── DATA

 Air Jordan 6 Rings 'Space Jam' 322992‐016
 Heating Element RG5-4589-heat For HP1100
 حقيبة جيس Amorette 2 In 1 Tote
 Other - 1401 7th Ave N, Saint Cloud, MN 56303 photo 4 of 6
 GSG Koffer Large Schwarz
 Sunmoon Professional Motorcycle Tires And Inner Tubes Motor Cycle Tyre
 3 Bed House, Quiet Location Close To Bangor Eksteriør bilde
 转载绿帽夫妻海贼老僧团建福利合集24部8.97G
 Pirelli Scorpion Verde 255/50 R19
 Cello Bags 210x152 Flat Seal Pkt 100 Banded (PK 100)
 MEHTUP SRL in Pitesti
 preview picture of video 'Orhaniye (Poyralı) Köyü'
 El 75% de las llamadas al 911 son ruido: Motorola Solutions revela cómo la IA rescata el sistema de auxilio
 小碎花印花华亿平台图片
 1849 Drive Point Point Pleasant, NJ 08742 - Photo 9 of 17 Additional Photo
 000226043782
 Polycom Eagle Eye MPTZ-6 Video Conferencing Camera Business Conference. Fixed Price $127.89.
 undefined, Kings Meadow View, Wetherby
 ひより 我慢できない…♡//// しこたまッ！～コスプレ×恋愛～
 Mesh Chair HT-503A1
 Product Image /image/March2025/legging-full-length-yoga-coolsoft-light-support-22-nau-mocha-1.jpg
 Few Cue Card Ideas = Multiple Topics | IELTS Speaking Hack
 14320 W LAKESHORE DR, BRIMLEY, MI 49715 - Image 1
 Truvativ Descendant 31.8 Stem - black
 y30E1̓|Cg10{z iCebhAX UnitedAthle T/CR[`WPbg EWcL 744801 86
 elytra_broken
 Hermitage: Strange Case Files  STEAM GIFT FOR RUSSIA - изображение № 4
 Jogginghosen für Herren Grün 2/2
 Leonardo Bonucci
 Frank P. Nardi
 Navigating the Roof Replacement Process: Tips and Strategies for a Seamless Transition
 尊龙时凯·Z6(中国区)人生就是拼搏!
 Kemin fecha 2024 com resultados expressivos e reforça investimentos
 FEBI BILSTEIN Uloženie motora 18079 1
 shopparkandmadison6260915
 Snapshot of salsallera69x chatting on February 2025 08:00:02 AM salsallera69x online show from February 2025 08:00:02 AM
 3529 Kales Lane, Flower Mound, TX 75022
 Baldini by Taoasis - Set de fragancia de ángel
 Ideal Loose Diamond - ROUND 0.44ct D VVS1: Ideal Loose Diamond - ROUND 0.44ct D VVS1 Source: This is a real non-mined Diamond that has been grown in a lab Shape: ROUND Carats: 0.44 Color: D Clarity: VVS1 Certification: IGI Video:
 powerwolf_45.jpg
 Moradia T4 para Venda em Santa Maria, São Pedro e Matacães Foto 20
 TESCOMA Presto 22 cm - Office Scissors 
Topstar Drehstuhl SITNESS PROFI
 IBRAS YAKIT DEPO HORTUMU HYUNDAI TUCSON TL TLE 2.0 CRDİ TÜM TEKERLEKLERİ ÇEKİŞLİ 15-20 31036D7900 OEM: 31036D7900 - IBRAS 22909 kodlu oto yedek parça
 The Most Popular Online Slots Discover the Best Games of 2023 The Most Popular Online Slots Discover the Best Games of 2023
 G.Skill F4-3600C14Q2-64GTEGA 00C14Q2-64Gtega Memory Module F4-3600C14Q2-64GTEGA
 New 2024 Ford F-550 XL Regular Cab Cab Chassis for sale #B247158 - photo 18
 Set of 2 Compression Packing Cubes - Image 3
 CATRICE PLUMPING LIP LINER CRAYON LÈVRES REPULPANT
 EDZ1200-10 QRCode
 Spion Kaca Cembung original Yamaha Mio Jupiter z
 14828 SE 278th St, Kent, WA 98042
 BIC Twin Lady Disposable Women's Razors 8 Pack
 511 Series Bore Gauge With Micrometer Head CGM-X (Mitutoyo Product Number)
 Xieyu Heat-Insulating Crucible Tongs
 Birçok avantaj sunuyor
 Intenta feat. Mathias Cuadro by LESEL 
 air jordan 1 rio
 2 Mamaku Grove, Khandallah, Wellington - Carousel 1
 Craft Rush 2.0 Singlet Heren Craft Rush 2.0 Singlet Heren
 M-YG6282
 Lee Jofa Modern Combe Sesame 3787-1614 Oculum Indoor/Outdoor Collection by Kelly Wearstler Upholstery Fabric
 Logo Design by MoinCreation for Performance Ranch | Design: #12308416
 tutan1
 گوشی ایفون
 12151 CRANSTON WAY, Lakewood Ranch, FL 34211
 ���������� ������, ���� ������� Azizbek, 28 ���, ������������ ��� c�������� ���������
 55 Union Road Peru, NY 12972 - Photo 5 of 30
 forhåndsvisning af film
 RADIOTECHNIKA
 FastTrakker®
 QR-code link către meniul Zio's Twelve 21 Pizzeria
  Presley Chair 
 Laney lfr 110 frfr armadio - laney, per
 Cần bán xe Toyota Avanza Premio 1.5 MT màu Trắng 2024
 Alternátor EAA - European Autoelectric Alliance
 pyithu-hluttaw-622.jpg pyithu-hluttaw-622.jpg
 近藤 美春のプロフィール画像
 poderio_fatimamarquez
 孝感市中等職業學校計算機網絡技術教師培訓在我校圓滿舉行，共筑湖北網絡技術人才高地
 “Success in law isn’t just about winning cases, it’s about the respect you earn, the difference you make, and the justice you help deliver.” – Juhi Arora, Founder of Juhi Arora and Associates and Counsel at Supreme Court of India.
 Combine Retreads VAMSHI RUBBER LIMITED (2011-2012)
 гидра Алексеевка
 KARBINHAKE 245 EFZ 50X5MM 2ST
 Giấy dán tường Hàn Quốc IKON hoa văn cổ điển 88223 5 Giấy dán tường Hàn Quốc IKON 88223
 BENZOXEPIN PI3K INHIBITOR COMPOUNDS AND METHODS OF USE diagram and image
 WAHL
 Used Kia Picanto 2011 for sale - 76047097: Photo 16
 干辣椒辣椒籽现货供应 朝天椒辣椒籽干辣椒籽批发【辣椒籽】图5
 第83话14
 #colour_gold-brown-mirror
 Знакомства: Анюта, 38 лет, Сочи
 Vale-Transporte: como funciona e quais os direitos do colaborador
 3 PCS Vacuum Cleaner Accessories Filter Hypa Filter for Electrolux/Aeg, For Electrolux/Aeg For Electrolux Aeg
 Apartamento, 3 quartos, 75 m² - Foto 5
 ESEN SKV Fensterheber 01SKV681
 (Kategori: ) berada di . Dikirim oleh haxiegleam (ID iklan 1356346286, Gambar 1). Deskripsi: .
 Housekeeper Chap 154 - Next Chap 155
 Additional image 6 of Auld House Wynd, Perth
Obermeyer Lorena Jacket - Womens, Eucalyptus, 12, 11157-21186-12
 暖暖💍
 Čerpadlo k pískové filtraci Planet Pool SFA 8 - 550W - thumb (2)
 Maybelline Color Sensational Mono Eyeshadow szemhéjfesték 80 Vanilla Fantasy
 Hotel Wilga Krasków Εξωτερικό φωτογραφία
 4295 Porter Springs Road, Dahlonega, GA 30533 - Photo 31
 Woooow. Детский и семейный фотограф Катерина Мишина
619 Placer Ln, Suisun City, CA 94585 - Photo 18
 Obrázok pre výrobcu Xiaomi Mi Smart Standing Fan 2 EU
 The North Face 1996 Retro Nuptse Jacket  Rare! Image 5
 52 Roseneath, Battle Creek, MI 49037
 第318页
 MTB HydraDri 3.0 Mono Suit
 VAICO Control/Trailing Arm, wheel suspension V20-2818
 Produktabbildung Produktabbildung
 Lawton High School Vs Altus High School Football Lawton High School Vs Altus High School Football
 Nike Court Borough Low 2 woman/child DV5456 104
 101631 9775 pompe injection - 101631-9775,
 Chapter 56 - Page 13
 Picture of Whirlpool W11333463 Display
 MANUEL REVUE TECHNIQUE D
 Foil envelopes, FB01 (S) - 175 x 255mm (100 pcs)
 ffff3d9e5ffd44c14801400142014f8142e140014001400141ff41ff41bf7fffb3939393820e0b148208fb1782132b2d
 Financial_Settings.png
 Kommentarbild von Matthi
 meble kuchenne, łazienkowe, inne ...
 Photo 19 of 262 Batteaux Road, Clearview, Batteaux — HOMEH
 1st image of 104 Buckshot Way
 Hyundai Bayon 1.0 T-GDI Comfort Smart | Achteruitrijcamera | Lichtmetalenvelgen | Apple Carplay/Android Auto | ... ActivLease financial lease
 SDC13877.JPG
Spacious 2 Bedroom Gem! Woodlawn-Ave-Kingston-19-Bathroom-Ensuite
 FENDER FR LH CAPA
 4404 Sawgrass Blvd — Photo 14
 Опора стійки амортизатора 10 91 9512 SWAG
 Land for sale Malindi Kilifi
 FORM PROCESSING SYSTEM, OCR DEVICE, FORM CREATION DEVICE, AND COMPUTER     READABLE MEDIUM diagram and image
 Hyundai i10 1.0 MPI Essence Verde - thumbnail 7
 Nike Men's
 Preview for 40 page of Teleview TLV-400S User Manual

────

**WORK TO COMPLETE:** In the listing above, find the line with "Intenta feat. Mathias Cuadro by LESEL" and the line with "孝感市中等職業學校計算機網絡", then print exactly those lines and every line between them.

**YOUR SOLUTION:**
 Intenta feat. Mathias Cuadro by LESEL 
 air jordan 1 rio
 2 Mamaku Grove, Khandallah, Wellington - Carousel 1
 Craft Rush 2.0 Singlet Heren Craft Rush 2.0 Singlet Heren
 M-YG6282
 Lee Jofa Modern Combe Sesame 3787-1614 Oculum Indoor/Outdoor Collection by Kelly Wearstler Upholstery Fabric
 Logo Design by MoinCreation for Performance Ranch | Design: #12308416
 tutan1
 گوشی ایفون
 12151 CRANSTON WAY, Lakewood Ranch, FL 34211
 ���������� ������, ���� ������� Azizbek, 28 ���, ������������ ��� c�������� ���������
 55 Union Road Peru, NY 12972 - Photo 5 of 30
 forhåndsvisning af film
 RADIOTECHNIKA
 FastTrakker®
 QR-code link către meniul Zio's Twelve 21 Pizzeria
  Presley Chair 
 Laney lfr 110 frfr armadio - laney, per
 Cần bán xe Toyota Avanza Premio 1.5 MT màu Trắng 2024
 Alternátor EAA - European Autoelectric Alliance
 pyithu-hluttaw-622.jpg pyithu-hluttaw-622.jpg
 近藤 美春のプロフィール画像
 poderio_fatimamarquez
 孝感市中等職業學校計算機網絡技術教師培訓在我校圓滿舉行，共筑湖北網絡技術人才高地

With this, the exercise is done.